Ce dernier suit ainsi rigoureusement le déroulement de la série animée originale, celle vue en 1985 sur Canal +. On commence ainsi dans la peau de l’ancien Cobra, celui d’avant sa mort simulée et son opération de chirurgie esthétique qui lui permettra de disparaître aux yeux des pirates de l’espace. Chaque niveau du jeu est en fait un épisode du dessin animé, dont il reprend le titre, la trame, les décors… et de nombreux extraits.
Les cinématiques du jeu sont en effet de véritables scènes extraites du dessin animé. Un procédé malin, qui permet d’immerger dans la série le fan nostalgique, principale cible marketing du jeu, ou de la faire découvrir aux moins de trente ans, mais aussi d’économiser pas mal sur le développement de cinématiques originales.

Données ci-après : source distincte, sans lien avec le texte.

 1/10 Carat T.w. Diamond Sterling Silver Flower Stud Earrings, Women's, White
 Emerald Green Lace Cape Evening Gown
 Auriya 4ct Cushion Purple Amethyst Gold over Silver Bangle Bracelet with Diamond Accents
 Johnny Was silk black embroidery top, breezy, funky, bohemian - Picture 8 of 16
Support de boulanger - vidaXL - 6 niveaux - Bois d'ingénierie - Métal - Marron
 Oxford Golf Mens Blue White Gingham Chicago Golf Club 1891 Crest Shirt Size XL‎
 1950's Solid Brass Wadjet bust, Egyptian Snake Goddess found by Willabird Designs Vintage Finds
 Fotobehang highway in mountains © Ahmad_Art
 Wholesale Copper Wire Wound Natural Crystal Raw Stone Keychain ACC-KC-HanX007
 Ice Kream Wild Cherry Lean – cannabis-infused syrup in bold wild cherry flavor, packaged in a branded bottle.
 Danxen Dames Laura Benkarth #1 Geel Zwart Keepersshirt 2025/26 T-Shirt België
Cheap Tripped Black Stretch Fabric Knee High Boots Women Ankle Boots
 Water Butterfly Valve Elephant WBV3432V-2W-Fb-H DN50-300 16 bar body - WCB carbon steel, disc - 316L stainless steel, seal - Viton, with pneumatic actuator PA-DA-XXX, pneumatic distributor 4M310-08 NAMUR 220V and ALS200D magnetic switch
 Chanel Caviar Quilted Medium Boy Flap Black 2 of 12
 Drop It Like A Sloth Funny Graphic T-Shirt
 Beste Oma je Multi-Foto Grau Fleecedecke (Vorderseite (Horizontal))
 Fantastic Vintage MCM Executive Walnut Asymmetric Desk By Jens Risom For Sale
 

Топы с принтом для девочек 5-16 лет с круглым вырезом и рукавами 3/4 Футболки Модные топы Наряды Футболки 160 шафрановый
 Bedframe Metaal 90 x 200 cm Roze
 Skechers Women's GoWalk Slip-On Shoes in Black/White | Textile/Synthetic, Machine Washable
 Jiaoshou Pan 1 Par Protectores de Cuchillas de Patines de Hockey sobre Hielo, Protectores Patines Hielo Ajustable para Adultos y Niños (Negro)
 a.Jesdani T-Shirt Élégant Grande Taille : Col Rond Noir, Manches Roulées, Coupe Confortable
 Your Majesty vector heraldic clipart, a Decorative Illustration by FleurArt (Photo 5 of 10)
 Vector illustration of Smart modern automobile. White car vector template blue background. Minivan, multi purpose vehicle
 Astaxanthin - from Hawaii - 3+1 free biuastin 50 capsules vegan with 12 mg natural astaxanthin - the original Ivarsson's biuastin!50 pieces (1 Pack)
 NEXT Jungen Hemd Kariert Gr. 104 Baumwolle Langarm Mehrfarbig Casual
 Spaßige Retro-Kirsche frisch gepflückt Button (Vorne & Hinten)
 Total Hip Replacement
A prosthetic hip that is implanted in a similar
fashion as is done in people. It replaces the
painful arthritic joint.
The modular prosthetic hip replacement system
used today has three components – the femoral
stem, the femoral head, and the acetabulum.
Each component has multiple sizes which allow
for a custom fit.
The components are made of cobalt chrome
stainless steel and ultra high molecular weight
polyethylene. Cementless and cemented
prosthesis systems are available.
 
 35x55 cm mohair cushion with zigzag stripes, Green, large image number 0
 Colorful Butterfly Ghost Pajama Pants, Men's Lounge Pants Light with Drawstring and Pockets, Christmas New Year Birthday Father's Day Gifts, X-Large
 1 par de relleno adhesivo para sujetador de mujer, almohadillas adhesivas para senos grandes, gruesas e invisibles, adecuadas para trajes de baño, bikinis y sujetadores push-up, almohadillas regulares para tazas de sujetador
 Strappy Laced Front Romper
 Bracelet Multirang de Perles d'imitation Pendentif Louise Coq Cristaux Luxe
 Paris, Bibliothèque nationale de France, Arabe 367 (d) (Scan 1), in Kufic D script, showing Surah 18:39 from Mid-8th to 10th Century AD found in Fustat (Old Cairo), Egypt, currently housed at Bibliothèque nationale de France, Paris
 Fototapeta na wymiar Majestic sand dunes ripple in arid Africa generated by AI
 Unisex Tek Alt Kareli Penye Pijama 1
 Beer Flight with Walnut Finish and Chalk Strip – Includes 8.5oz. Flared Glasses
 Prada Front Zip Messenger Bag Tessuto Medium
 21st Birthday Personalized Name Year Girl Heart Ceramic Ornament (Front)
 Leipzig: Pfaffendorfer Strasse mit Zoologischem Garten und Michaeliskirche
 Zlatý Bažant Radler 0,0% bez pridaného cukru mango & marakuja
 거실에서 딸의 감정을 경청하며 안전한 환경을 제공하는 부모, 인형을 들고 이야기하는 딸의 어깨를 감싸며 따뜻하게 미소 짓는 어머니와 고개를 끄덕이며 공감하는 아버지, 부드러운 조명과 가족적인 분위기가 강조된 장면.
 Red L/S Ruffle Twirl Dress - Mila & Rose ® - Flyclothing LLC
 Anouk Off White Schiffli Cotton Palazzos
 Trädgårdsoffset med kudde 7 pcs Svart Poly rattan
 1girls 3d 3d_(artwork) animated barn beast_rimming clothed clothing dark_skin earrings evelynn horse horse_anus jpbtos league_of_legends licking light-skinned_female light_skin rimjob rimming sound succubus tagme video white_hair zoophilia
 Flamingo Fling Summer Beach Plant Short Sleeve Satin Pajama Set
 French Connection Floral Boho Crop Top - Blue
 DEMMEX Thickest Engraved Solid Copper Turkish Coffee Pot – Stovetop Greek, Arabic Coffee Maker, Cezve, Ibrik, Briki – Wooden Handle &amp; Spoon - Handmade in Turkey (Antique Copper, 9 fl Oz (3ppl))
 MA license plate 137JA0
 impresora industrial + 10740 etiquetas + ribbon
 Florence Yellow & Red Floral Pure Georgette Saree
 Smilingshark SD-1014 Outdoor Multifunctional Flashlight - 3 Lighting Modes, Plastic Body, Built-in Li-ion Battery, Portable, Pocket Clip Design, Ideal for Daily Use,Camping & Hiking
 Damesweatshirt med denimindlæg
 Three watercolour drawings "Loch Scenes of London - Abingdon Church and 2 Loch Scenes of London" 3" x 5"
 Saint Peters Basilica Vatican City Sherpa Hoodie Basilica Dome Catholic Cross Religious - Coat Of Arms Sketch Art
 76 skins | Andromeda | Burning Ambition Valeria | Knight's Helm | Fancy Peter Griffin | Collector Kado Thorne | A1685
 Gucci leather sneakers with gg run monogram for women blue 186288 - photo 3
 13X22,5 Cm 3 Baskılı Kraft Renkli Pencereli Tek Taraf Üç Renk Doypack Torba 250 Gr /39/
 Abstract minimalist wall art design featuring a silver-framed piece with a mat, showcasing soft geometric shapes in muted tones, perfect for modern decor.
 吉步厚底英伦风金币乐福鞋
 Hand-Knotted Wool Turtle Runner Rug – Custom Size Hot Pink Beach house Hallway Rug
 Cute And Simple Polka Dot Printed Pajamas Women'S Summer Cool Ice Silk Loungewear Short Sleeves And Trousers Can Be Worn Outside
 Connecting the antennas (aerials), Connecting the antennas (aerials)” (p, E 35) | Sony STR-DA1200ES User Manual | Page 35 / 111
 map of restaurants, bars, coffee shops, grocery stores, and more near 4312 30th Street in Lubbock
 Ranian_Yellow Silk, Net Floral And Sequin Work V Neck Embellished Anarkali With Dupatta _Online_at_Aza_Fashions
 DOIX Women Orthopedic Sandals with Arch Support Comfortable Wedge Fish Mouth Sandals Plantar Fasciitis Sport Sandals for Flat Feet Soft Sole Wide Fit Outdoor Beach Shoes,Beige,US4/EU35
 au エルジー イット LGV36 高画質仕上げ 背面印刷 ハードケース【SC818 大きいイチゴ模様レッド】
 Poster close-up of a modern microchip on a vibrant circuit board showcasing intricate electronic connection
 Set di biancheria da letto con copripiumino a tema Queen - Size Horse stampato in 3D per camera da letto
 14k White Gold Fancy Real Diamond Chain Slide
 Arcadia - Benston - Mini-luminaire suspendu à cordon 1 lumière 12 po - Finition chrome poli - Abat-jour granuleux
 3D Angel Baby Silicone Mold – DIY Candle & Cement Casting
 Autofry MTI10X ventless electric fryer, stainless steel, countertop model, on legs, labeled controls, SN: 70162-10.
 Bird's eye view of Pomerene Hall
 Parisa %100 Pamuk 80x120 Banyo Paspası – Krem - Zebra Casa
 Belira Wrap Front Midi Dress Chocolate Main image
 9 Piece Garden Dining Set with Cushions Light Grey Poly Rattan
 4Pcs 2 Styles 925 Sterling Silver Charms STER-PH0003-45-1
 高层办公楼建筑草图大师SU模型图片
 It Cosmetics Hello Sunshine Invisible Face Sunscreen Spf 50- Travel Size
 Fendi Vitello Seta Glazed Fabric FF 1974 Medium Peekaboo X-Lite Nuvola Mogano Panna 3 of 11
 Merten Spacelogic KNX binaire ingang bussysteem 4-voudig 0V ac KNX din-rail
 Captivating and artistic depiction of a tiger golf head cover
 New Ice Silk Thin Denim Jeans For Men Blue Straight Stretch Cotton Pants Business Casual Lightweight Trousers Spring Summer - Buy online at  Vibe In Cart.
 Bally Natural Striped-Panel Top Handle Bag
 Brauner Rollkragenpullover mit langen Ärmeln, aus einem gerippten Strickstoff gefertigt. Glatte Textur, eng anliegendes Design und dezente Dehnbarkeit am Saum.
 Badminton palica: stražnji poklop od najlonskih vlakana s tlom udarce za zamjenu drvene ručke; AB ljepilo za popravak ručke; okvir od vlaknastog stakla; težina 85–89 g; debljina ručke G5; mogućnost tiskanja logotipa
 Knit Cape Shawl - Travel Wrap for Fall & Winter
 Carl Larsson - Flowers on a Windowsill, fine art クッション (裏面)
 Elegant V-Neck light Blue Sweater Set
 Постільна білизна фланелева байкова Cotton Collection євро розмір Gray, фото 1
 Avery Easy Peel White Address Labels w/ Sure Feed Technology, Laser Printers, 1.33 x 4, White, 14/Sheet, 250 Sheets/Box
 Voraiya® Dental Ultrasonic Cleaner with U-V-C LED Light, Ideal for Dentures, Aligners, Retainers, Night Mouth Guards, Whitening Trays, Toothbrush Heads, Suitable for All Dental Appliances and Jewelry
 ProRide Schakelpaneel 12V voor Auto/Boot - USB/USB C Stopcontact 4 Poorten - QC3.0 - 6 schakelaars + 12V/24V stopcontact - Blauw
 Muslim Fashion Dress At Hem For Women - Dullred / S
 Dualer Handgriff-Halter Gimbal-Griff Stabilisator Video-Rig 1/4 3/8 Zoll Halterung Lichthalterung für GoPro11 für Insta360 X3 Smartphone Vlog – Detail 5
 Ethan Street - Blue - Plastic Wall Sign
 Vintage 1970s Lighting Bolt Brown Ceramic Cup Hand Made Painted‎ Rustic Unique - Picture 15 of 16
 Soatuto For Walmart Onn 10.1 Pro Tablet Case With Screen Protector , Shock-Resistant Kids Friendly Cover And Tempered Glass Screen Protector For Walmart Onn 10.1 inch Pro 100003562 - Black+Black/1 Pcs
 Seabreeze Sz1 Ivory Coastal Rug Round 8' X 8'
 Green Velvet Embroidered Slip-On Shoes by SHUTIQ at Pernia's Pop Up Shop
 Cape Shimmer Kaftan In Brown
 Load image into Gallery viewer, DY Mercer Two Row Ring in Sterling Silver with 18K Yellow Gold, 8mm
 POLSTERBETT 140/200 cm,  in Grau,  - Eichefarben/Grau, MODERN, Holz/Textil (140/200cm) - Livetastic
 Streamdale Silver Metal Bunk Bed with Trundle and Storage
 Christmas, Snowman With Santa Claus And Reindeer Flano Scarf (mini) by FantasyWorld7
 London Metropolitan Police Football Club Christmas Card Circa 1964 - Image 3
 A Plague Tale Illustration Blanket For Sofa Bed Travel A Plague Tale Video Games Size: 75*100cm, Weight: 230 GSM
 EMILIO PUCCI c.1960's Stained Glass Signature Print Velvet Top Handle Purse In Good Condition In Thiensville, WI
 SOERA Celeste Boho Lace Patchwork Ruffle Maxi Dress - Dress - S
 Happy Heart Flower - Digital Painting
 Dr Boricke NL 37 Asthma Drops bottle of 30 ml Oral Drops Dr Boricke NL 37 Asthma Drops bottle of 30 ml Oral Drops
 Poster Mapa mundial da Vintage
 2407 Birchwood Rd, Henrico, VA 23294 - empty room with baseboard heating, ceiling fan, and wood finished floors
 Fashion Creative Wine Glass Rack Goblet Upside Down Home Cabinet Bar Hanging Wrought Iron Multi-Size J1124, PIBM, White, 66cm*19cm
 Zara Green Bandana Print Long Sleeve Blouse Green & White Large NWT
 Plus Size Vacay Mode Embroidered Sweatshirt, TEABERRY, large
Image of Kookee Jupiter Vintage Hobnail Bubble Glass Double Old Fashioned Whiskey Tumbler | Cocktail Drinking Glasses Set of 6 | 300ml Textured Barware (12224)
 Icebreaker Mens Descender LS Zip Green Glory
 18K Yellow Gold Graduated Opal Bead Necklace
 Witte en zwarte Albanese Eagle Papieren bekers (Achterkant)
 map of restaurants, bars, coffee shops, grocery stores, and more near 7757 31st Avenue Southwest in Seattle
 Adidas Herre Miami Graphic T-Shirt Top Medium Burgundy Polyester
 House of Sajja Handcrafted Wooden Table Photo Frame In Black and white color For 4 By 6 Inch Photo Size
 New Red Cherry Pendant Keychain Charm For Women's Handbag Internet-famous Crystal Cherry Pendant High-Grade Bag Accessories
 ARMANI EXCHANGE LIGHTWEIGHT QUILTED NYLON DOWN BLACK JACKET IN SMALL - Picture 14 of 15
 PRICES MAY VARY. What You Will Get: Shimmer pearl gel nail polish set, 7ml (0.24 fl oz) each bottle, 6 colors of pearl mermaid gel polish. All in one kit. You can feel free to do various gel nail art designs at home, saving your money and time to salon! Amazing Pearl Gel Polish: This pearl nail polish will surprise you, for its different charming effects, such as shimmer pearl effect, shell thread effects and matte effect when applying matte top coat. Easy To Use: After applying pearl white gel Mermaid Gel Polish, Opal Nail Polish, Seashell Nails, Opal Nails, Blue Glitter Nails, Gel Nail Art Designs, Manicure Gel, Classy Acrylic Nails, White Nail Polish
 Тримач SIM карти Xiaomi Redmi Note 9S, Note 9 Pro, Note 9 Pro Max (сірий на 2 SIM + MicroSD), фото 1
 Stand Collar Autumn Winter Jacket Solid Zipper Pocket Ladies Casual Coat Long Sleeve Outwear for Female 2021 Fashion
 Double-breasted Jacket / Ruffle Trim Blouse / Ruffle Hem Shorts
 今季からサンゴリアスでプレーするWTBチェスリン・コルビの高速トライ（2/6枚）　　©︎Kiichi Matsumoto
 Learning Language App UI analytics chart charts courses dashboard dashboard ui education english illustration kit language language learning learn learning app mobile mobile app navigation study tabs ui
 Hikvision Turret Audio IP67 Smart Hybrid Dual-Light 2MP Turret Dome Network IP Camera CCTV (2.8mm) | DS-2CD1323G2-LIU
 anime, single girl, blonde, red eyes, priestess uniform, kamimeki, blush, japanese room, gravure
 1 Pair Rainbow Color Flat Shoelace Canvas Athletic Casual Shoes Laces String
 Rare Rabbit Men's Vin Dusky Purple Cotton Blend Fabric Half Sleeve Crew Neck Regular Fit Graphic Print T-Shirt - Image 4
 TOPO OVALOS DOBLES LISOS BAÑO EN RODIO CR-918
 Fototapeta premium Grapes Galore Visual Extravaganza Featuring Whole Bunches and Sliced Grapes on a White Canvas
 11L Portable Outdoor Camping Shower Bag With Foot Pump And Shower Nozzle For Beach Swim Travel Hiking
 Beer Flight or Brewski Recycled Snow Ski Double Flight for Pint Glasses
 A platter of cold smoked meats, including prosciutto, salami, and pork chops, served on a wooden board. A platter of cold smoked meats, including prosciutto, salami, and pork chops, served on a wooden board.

C’est aussi un procédé qui est une forme d’aboutissement de ce en quoi se rêvait le jeu vidéo dans les années 80 : un dessin animé interactif. Quand est sorti le jeu Cobra de Loriciel, en 1986, il fallait encore une bonne dose d’imagination pour se croire dans les aventures du héros. Le vrai dessin animé interactif était si loin, technologiquement, presque hors de portée. Mais on en rêvait. Les courtes séquences digitalisées telles que celles, cultes, tirée du film pour le jeu Terminator 2 d’Ocean (1991), ou les expérimentations comme Dragon’s Lair, de Don Bluth (1983) montrent bien cette ambition de l’époque.
Et avec ce Cobra: The Awakening, on y est, on joue au dessin-animé de notre enfance ! Les décors du jeu reprennent bien les éléments d’ambiance (paysages, couleurs…) des séquences de l’anime dans lesquelles elles se déroulent, l’enchainement entre dessin animé et gameplay est plutôt fluide, aidé par le fait que tout a été redoublé avec un nouveau casting d’acteurs, pour unifier l’ensemble.
On regrettait, lors de notre preview, que les images du dessin animé n’aient pas été nettoyées, mais au final, c’est quelque chose qu’on apprécie, et qui permet de vraiment de replonger dans l’œuvre de l’époque. On regrette même que les phases de gameplay ne bénéficient pas d’un filtre ajoutant du bruit, par exemple, pour coller encore mieux aux scènes de l’anime.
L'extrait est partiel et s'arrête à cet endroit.